• _Task to complete_:
Nothing but the lines from the one holding "Предупредителни /" through the last line of the material below should be set down, exactly and without images.

• _Entries provided_:
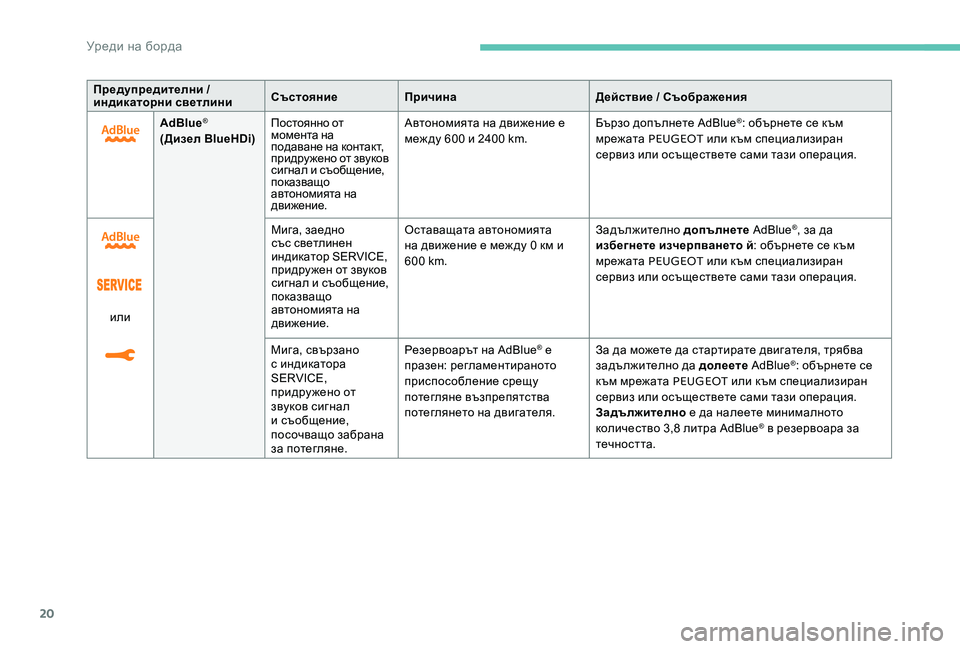Peugeot 301 2017  Ръководство за експлоатация (in Bulgarian) 20
Предупредителни / 
индикаторни светлиниСъстояние
Причина Действие / Съображения
AdBlue
®
(Дизел BlueHDi) Постоянн�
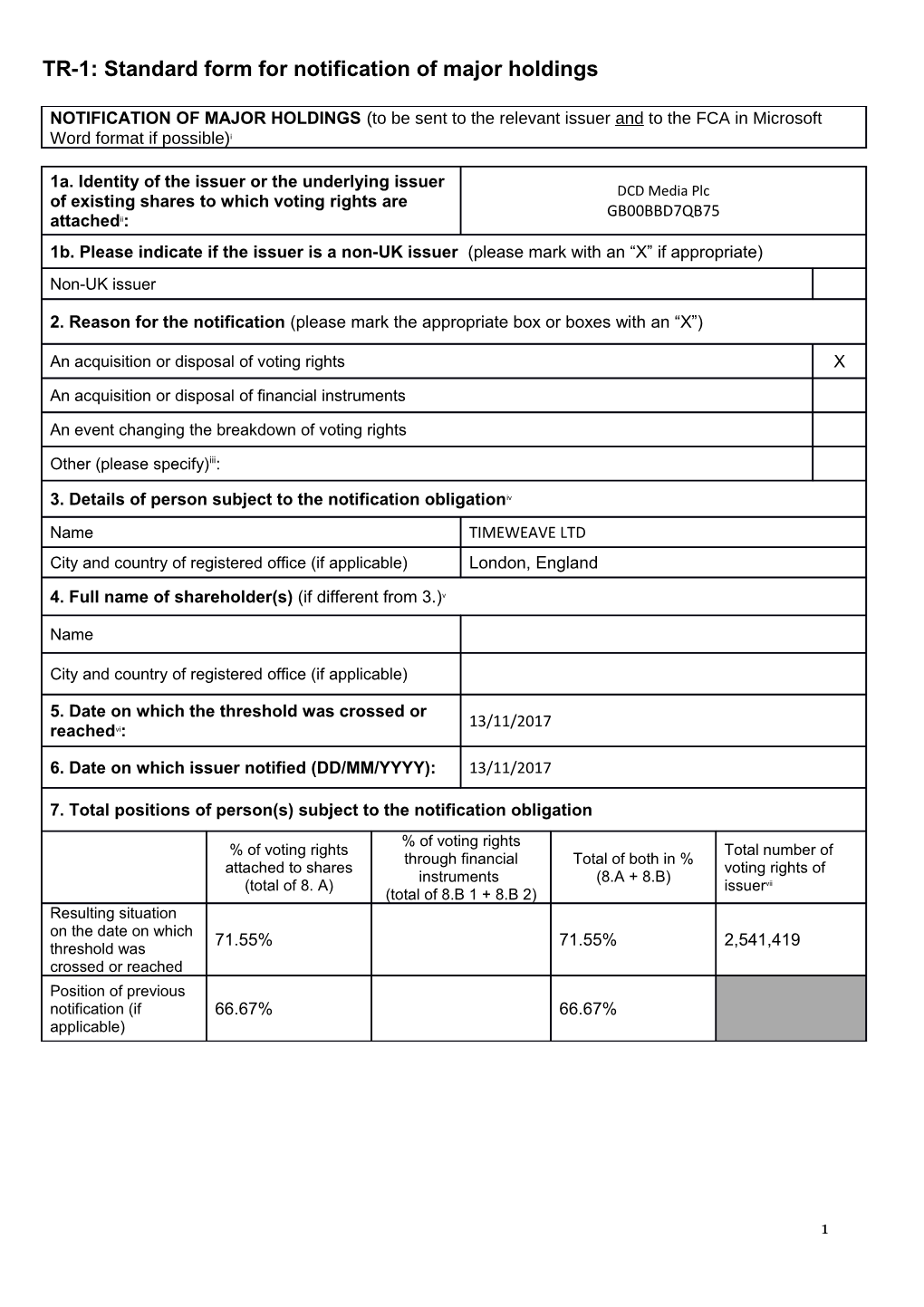 TR-1: Standard Form for Notification of Major Holdings
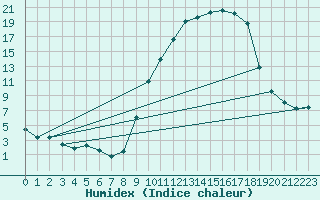 Courbe de l'humidex pour Isle-sur-la-Sorgue (84)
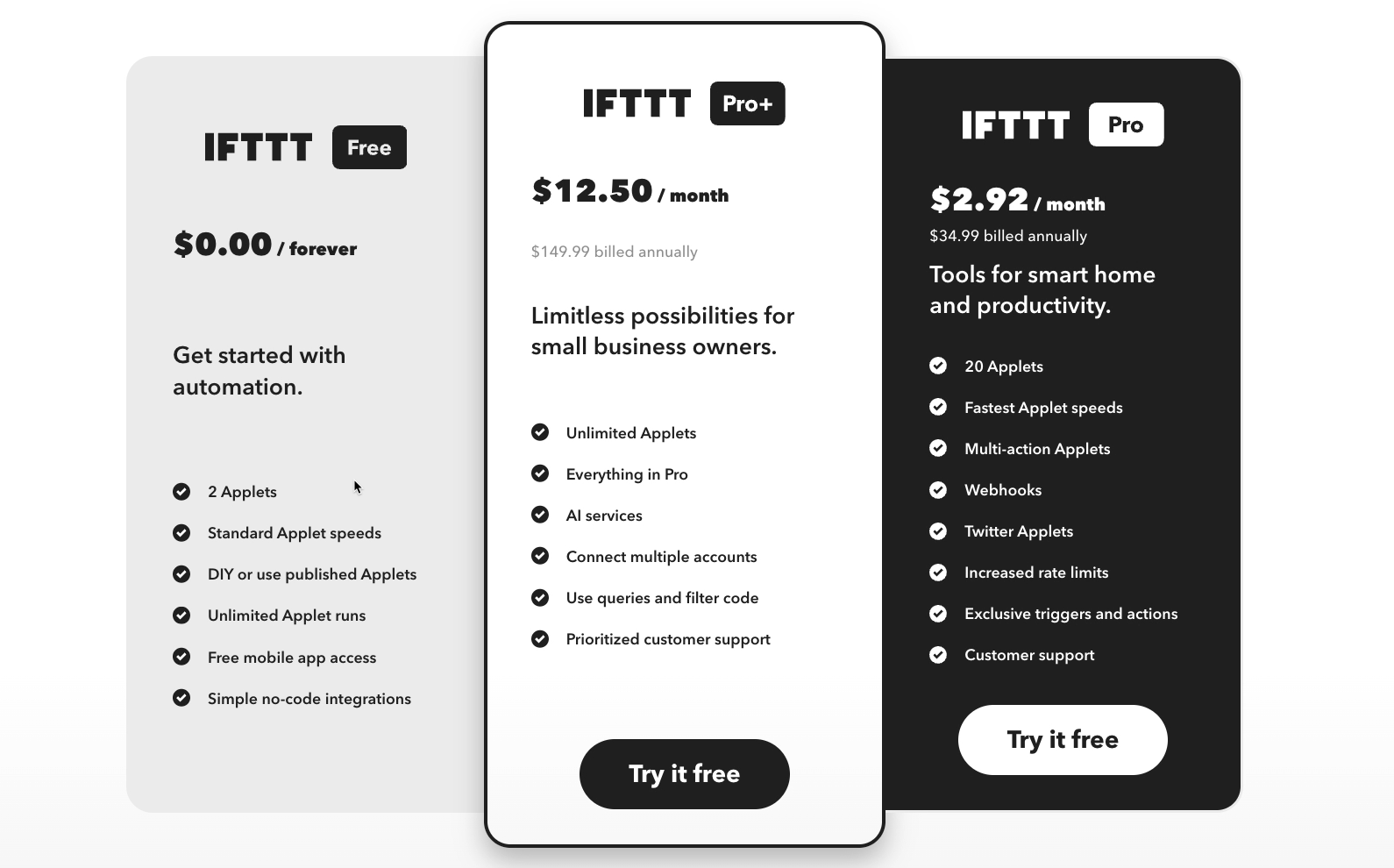 IFTTT pricing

• _Answer box_:
Предупредителни / 
индикаторни светлиниСъстояние
Причина Действие / Съображения
AdBlue
®
(Дизел BlueHDi) Постоянн�
 TR-1: Standard Form for Notification of Major Holdings
 Courbe de l'humidex pour Isle-sur-la-Sorgue (84)
 IFTTT pricing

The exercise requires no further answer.